July 4, 2025

Plain Text Accounting

Discovering Plain Text Accounting

I’ve always found finance management and budgeting difficult. I don’t enjoy spreadsheets, I’ve never used Excel properly, and most budget tools felt either too simplistic or too complicated.

When I started building my house, this weakness became a real problem. I had to keep track of large expenses, plan ahead, and make sure I didn’t overspend. So I started looking for a tool that could help me do that.

I had a few requirements in mind:

  • I wanted something that used plain text, so I could version control it and keep everything in Git.
  • A command-line interface was ideal, but I was open to tools that had a web or TUI (terminal UI) as well.
  • It had to work offline.

I deliberately avoided spreadsheets. Not just because I don’t know how to use them well, but because when I looked at how others used Google Sheets for budgeting, it felt messy and unstructured. I wanted something with a clear model — a system I could learn and understand.


ledger-cli

That’s when I discovered ledger-cli, a plain text double-entry accounting system that works entirely from the command line.

I had never used double-entry bookkeeping before, but I found it surprisingly logical once I saw a few examples. Ledger has a section in the docs called Principles of Accounting with Ledger that helped me understand the basics.

Here’s what a simple transaction looks like:

2025/01/02 Grocery Store
  Expenses:Food:Groceries     $65.00
  Assets:Checking            $-65.00

This means: I spent $65 on groceries, and that money came out of my checking account. Two sides of the same transaction — that’s the core idea of double-entry bookkeeping.

To see your balances:

ledger -f journal.txt balance

To see all transactions in order with a running total:

ledger -f journal.txt register

It felt good to write down my transactions in a structured way and be able to query them. But I still had to read through the docs carefully and learn the syntax, which was sometimes terse.


hledger

Later I found hledger, which is a port of ledger written in Haskell. It follows the same journal file format and ideas, but I found it more beginner-friendly.

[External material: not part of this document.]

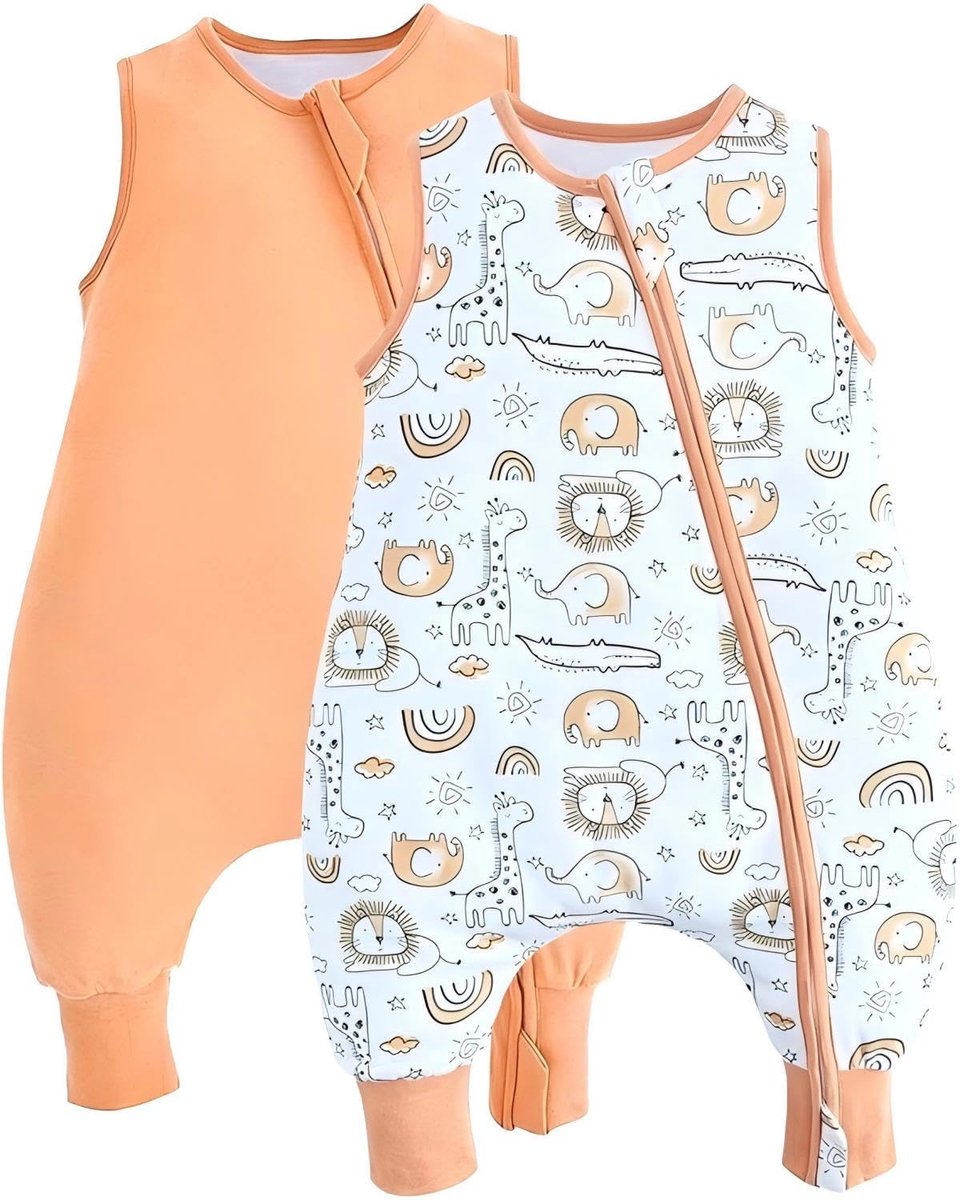 SnelShoppen - Babyslaapzak met Benen 1.0 TOG - Oranje Leeuw - 100% Katoen - Zachte Slaapzak voor Peuters 6-18 Maanden - Ideaal voor Thuis en Op Reis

It has detailed documentation with quick start guides for 2, 5, and 10 minutes. Those helped me get going quickly. What I especially liked was that hledger includes both a TUI and a web interface, which made it easier to visualize the data — especially useful when I wanted to share or explain my finances to someone else.

The TUI (hledger-ui) lets me browse through transactions with the keyboard, and the web interface (hledger-web) displays reports with charts and filters.


Plain Text Accounting

Going further, I found that there’s an entire ecosystem around what’s called Plain Text Accounting (PTA). The website plaintextaccounting.org, maintained by Simon Michael (also the creator of hledger), is a great hub for all the tools, resources, and philosophy behind it.

It lists other ledger-like tools and has links to documentation, guides, blog posts, and even talks.

Along the way, I also found the YNAB’s guides useful — even though I don’t use their software. Some of their key principles gave me a new way to think about budgeting:

  • Give every dollar a job
  • Embrace your true expenses
  • Your budget is a plan, not a restriction
  • Focus on what’s important to you

Conclusion

Plain text accounting helped me go from “I have no idea where my money is going” to “I have a system.” I track transactions in a text file, version it with Git, and run reports whenever I need to. It’s not always perfect, but it gives me clarity.

If you’re looking for something flexible, offline-first, and easy to integrate into your workflow — and if you’re comfortable in the terminal — I recommend starting with hledger. The learning curve is there, but once you get the core ideas, it starts to make a lot of sense.